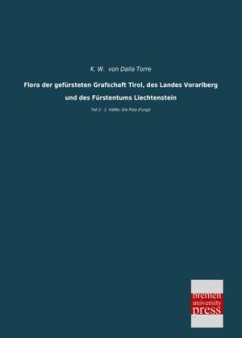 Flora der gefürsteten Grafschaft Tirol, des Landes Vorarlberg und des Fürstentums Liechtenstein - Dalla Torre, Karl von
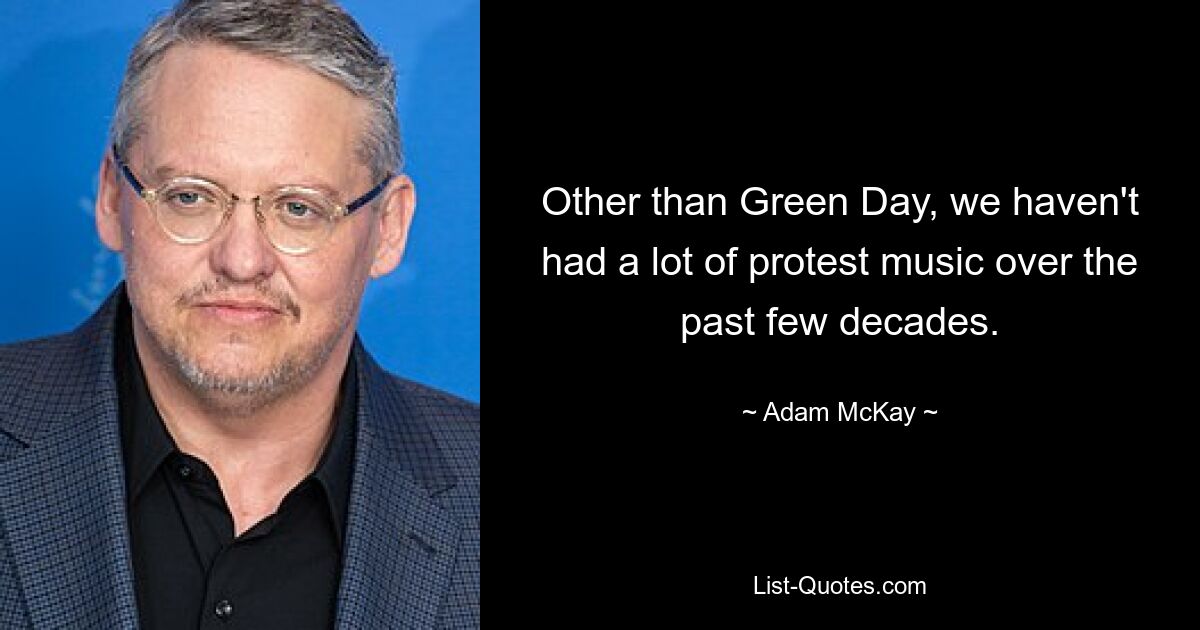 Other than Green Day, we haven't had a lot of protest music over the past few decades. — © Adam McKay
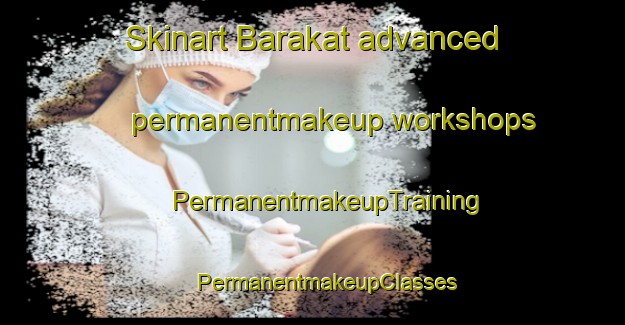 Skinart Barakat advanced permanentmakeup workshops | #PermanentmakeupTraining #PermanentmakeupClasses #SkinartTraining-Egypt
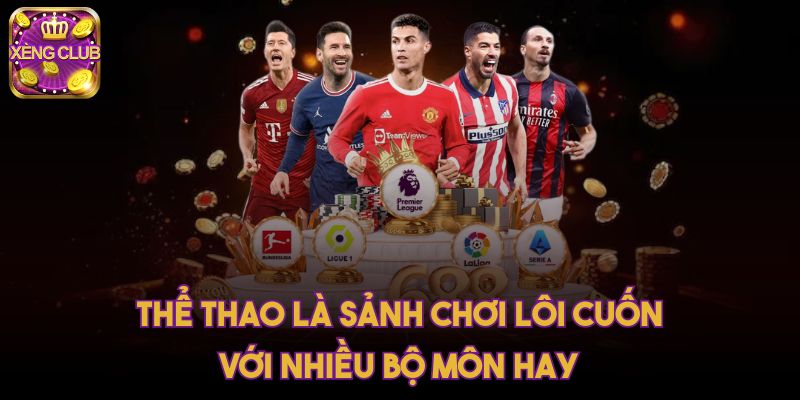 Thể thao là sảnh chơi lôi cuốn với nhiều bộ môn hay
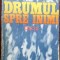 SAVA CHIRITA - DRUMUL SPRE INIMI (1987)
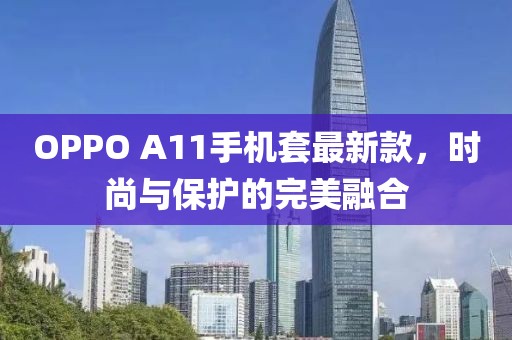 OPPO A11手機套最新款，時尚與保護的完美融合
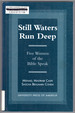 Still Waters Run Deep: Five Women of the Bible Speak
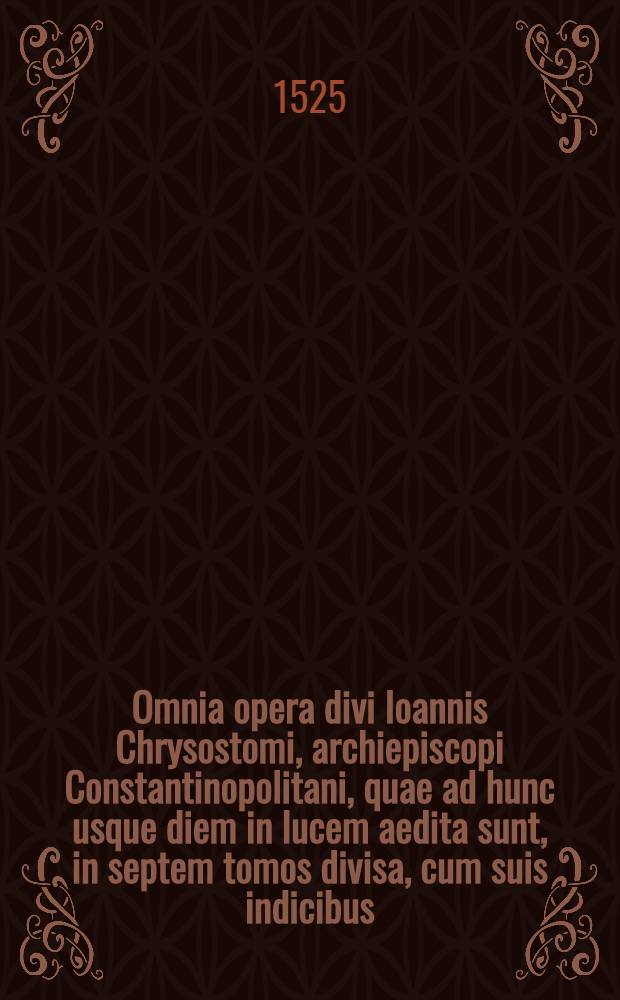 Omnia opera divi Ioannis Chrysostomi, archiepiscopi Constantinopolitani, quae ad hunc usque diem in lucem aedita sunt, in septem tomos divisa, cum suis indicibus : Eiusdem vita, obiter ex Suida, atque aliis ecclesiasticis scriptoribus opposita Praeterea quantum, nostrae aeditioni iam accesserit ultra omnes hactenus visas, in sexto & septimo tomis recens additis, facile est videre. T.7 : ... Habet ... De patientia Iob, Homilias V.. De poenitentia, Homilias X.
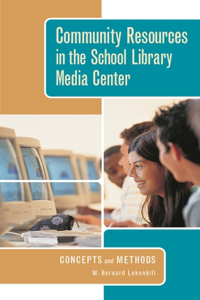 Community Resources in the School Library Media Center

•••

> Task objective: Where a picture appears in the records above, omit it, and transcribe exactly the stretch of lines from the one with "Thể thao là" through the one with "Still Waters Run".

> Answer section:
 Thể thao là sảnh chơi lôi cuốn với nhiều bộ môn hay
 SAVA CHIRITA - DRUMUL SPRE INIMI (1987)
 OPPO A11手機套最新款，時尚與保護的完美融合
 Still Waters Run Deep: Five Women of the Bible Speak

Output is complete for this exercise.